**WHAT YOU ARE ASKED TO DO:** Write out nothing but the lines from the first line of the entries below through the line with "Todavía se trabaja"; no pictures go in.

(Short web captions)
------------------------------------------------------------
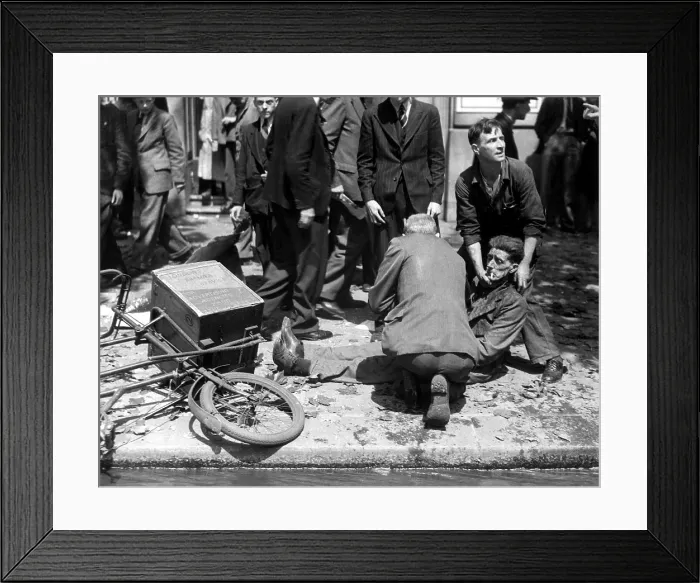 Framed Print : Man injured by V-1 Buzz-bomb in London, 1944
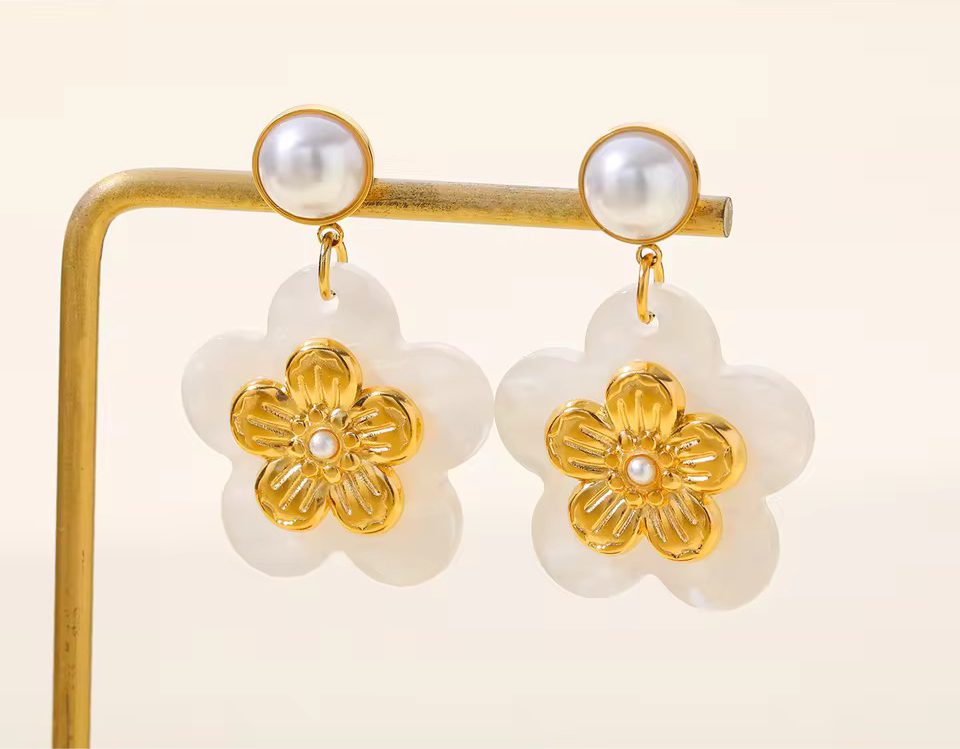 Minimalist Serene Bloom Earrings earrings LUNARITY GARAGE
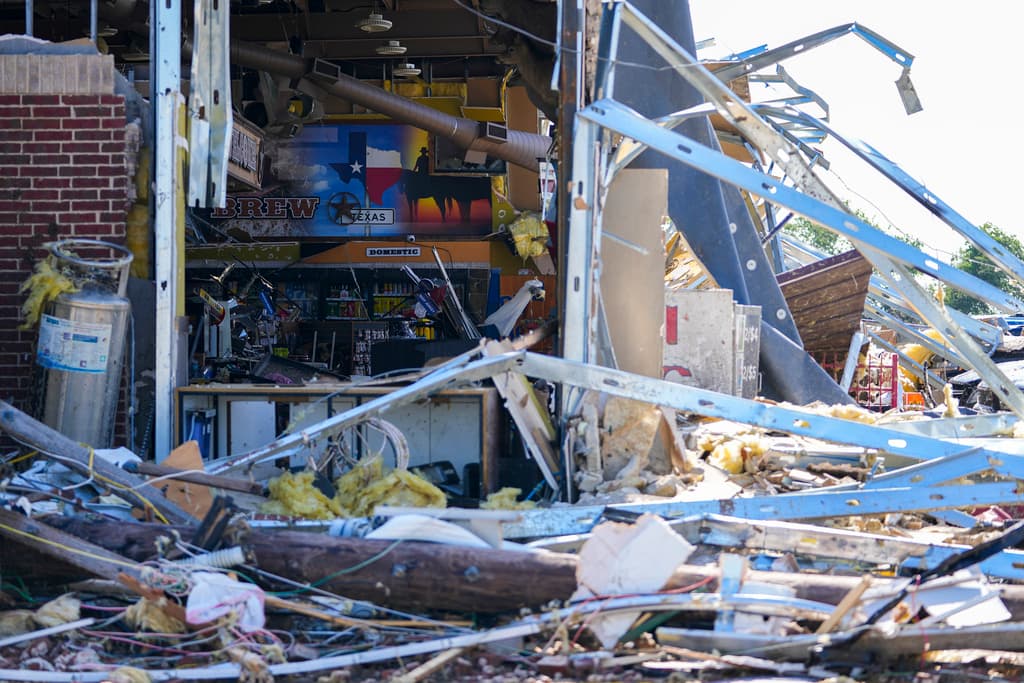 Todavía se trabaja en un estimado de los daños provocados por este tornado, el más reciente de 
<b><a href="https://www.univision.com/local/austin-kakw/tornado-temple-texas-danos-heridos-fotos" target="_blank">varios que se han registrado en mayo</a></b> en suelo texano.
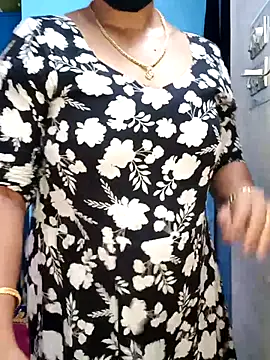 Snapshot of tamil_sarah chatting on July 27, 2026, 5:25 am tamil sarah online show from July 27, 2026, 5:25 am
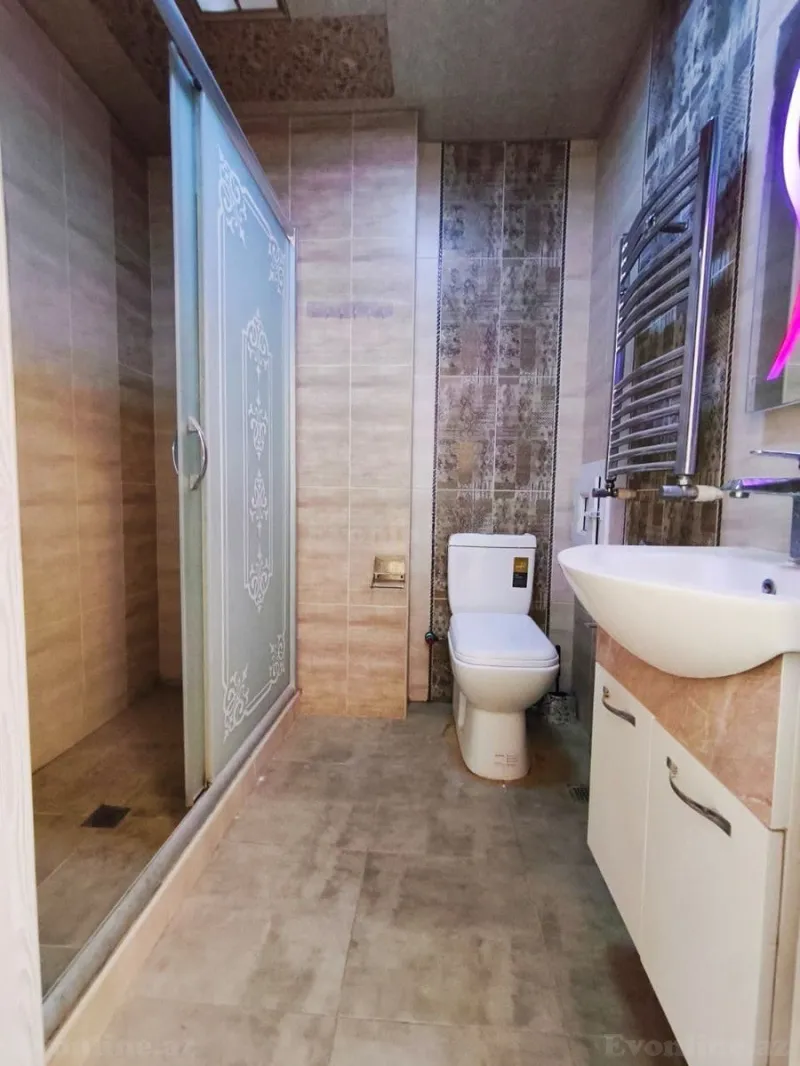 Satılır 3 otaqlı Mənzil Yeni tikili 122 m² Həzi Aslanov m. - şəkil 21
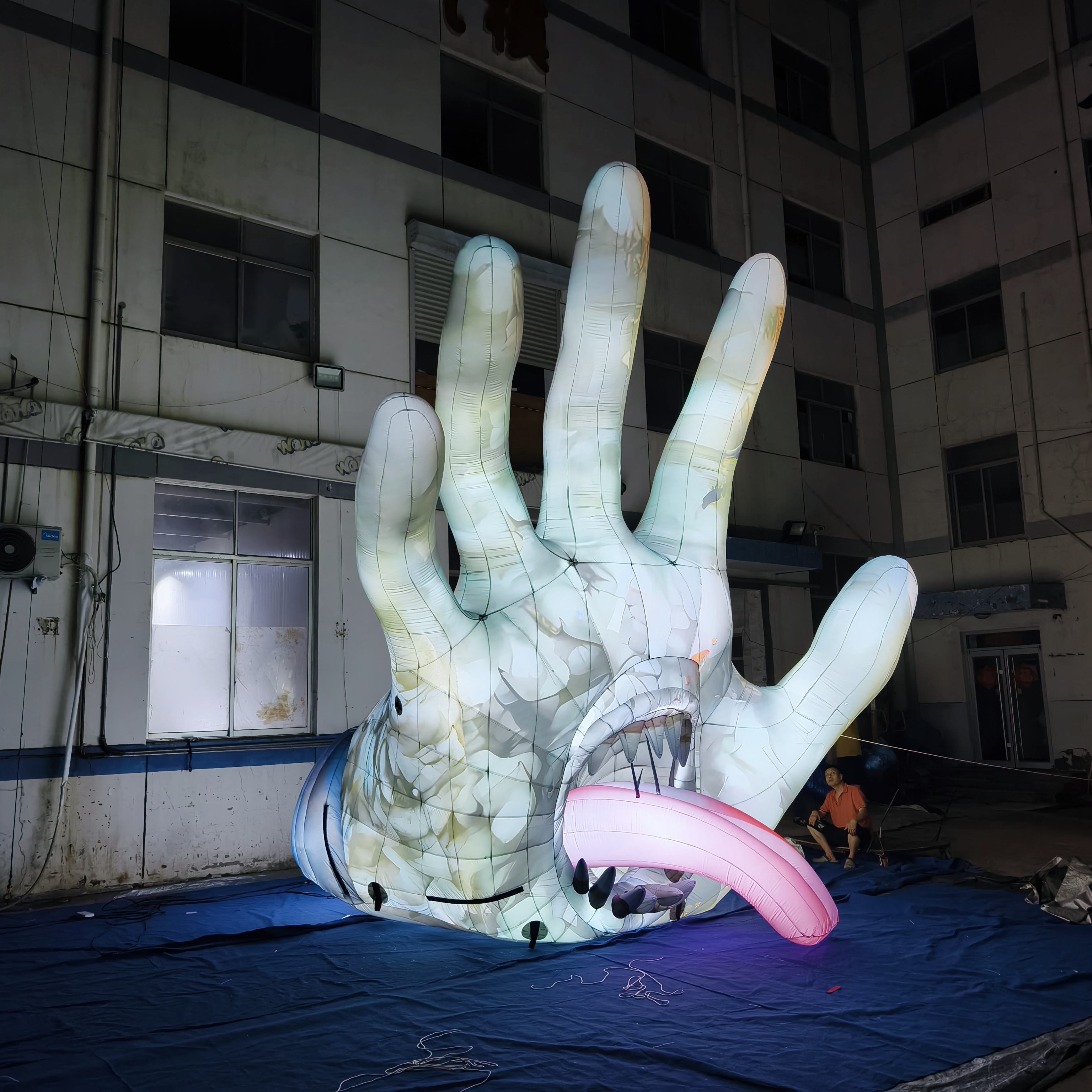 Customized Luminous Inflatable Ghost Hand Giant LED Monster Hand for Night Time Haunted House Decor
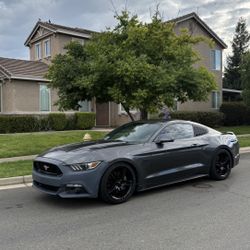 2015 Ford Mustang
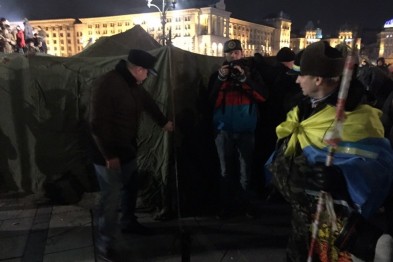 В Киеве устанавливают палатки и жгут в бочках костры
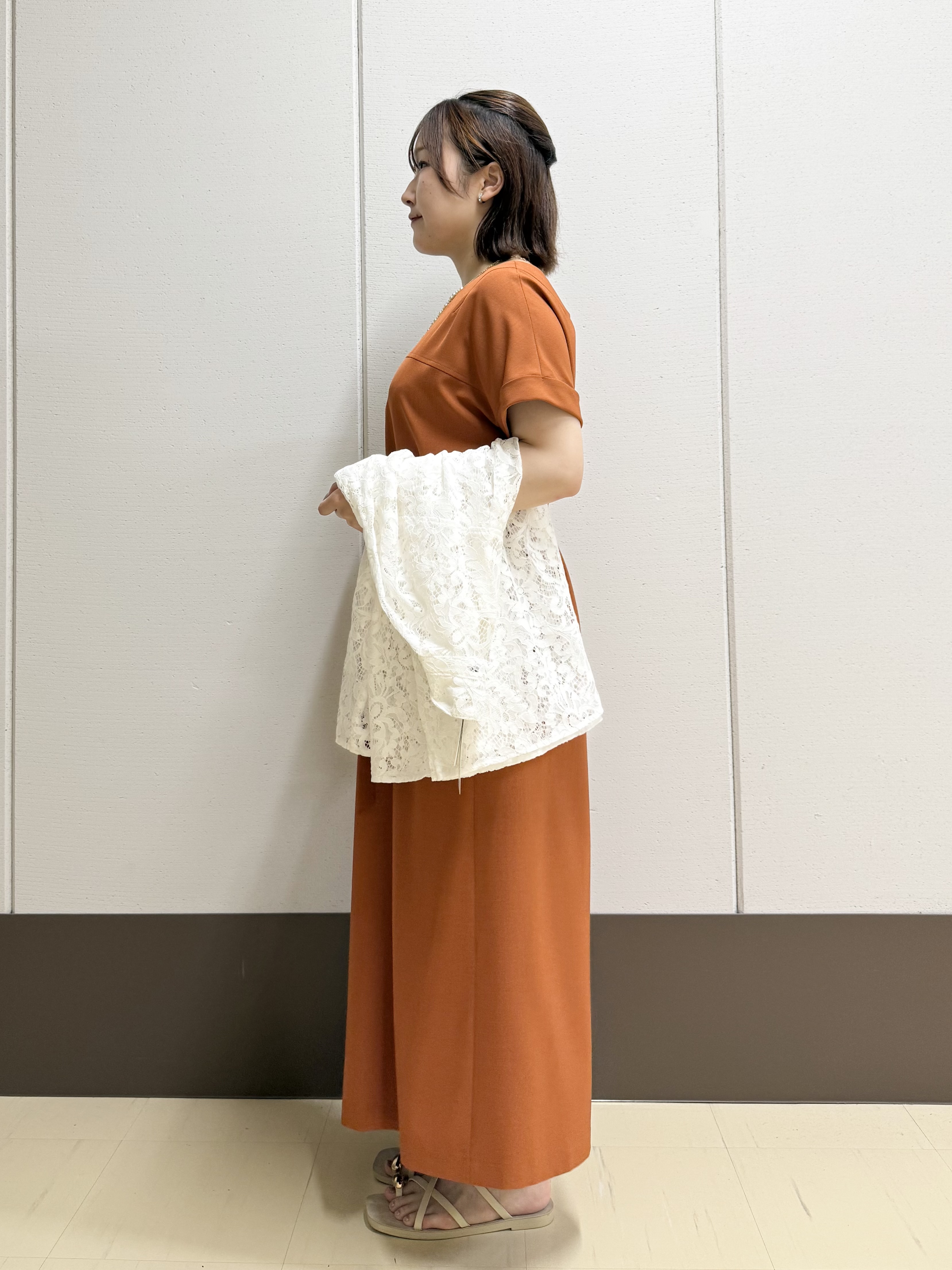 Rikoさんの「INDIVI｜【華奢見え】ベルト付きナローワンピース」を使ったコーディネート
------------------------------------------------------------
**RESULT FOR THIS EXERCISE:**
 Framed Print : Man injured by V-1 Buzz-bomb in London, 1944
 Minimalist Serene Bloom Earrings earrings LUNARITY GARAGE
 Todavía se trabaja en un estimado de los daños provocados por este tornado, el más reciente de 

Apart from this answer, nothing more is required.